Back For more information about this animal, call:
Miami-Dade Animal Services at (305) 884-1101
Ask for information about animal ID number A1123117


----------



## acurajane (May 21, 2008)

she is so beautiful.


----------



## CampPappy (Sep 10, 2007)

From my shelter contact today.

Natally is no longer on the adoption floor due to a bite incident with a worker. She could still go to rescue.


----------



## ncgsdmom (Jun 24, 2008)

Any idea on the nature of the bite incident?? Poor thing looks scared in her pic...


----------



## CampPappy (Sep 10, 2007)

I don't have the specifics. It was a handler/kennel helper etc. It's not surprising since the chaos of the shelter and untrained kennel help will stress any dog.

She's still listed...so that's encouraging.


----------



## ncgsdmom (Jun 24, 2008)

Bump for Natally...Petharbor isn't working at the moment...keep getting an error message...


----------



## CindyM (Mar 20, 2007)

bump


----------



## TESS (Oct 29, 2008)

If someone wants her in the Northeast I have a transporter who can pull in Miami on Thursday and bring her this way - her services are very reasonable.
Tess in Philadelphia


----------



## Fransheska (Sep 11, 2008)

I saw this girl, she is very friendly with people and other dogs. my 11 year old sister played with her, so good with kids of that age as well

there is a HORRIBLE cold front going through miami and the kennels is VERY ventilated and connected outdoors because usuallly heat is a problem.. 
so the dogs are cold. have no blankets, ect.. and most are just huddled together for heat. I can only imagine how cold it must be for them at night on that concrete. 

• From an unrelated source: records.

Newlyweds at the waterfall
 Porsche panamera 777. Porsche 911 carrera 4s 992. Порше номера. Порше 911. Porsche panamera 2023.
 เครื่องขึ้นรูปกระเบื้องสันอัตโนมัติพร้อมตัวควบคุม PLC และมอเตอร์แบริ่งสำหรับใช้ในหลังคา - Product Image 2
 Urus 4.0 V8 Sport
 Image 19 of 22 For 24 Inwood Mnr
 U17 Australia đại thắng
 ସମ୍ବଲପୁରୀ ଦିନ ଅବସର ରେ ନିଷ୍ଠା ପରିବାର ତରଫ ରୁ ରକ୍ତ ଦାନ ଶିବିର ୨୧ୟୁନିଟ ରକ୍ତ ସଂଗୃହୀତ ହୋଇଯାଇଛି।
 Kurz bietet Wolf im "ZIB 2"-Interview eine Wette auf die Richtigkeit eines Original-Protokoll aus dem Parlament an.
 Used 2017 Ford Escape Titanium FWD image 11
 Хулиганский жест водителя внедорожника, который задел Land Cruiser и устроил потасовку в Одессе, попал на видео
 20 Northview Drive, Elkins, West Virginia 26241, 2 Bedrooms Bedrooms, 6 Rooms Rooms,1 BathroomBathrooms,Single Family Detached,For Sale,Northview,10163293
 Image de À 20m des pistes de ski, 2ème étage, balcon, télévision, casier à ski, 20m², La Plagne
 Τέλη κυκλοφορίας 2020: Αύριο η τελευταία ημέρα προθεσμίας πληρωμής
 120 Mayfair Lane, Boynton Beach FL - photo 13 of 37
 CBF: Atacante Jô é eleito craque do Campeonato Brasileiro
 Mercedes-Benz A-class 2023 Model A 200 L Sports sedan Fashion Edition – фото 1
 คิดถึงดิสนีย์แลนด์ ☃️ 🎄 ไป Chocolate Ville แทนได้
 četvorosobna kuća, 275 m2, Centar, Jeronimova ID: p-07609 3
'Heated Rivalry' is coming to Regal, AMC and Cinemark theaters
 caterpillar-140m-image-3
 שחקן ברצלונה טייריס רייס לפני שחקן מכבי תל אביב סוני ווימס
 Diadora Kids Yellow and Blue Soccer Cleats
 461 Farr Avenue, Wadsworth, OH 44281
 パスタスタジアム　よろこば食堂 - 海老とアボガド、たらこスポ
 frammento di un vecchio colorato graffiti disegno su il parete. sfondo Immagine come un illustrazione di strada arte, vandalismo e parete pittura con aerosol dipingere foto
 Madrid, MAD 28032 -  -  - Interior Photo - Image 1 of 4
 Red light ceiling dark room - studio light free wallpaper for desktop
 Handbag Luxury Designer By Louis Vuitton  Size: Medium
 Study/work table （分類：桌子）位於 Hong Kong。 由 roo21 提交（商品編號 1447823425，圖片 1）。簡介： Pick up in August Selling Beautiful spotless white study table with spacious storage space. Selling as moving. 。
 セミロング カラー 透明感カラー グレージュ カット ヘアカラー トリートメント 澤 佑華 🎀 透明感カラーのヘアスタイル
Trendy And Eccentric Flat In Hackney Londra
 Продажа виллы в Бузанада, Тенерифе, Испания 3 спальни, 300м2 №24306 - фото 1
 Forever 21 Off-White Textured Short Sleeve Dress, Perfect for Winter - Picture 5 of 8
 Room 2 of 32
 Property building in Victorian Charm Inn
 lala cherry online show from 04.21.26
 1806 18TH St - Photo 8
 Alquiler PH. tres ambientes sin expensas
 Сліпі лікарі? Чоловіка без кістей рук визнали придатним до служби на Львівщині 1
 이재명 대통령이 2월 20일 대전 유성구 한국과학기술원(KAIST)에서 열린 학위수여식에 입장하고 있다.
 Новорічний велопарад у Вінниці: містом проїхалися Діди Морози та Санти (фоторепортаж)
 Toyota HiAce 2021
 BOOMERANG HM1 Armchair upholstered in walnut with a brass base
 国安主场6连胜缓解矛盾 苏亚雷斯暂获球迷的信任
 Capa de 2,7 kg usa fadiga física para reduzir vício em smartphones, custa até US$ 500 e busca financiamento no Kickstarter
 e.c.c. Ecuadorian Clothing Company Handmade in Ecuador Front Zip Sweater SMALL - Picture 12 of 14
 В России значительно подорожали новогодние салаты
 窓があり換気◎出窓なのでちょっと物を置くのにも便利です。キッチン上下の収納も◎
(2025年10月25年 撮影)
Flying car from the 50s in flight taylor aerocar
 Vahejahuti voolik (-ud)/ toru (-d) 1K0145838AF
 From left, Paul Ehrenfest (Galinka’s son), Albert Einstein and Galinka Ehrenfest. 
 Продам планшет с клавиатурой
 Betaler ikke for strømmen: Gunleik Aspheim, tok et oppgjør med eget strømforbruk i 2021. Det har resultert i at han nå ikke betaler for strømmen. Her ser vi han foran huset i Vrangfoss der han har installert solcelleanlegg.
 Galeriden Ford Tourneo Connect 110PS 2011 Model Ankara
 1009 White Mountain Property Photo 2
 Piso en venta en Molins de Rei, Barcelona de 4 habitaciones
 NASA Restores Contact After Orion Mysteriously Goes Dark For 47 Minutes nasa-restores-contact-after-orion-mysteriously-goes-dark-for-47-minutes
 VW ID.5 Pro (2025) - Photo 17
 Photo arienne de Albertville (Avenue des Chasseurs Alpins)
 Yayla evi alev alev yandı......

SHE IS VERY PRETTY, but very skinny and her coat went from being in GREAT SHAPE, to not so good. but with some TLC i know she could be back to her pretty self as she was when she came in 

PLEASE PLEASE if ANYONE wants her, SHE WOULD MAKE A GREAT PET! the only thing im not sure about is her with cats but with people, dogs and kids, SHES GREAT


----------



## Fransheska (Sep 11, 2008)

Oh i just read about the bite incident. i could be talking about the wrong GSD (there are so many at the shelter) the one im talking about was for adoption and was market "VERY FRIENDLY" so it was probably not nat


----------



## CampPappy (Sep 10, 2007)

Just found out that "a GSD rescue has a hold on her"

Is there a rescue out there that can confirm that???
My contact is off until Tuesday....

Also, clarification on the bite incident......dog nipped a little girl's hand who put it in the cage....accident....NOT A BITE!!!


----------



## brt (Sep 16, 2008)

Any news?


----------



## brt (Sep 16, 2008)

> Originally Posted By: VSnapBump for Natally...Petharbor isn't working at the moment...keep getting an error message...


That happens when they update the site. 
Someone is over their PM limit.


----------



## TESS (Oct 29, 2008)

If no one takes her tomorrow then she will die.
Tess in Philadelphia


----------



## brt (Sep 16, 2008)

> Originally Posted By: CampPappyJust found out that "a GSD rescue has a hold on her"
> 
> Is there a rescue out there that can confirm that???
> My contact is off until Tuesday....
> ...


Any update?


----------



## TESS (Oct 29, 2008)

The puiller I know needs someone to speak up for this girl. She knows tomorrow is her last day.
Tess in Philadelphia


----------



## CampPappy (Sep 10, 2007)

I just spoke to my shelter contact. *Natally is being adopted and will go to her new home tomorrow.*I will check with her tomorrow to get an update on the other GSDs there...


----------



## TESS (Oct 29, 2008)

YAY!!!!!!!!
Tess in Philadelphia


----------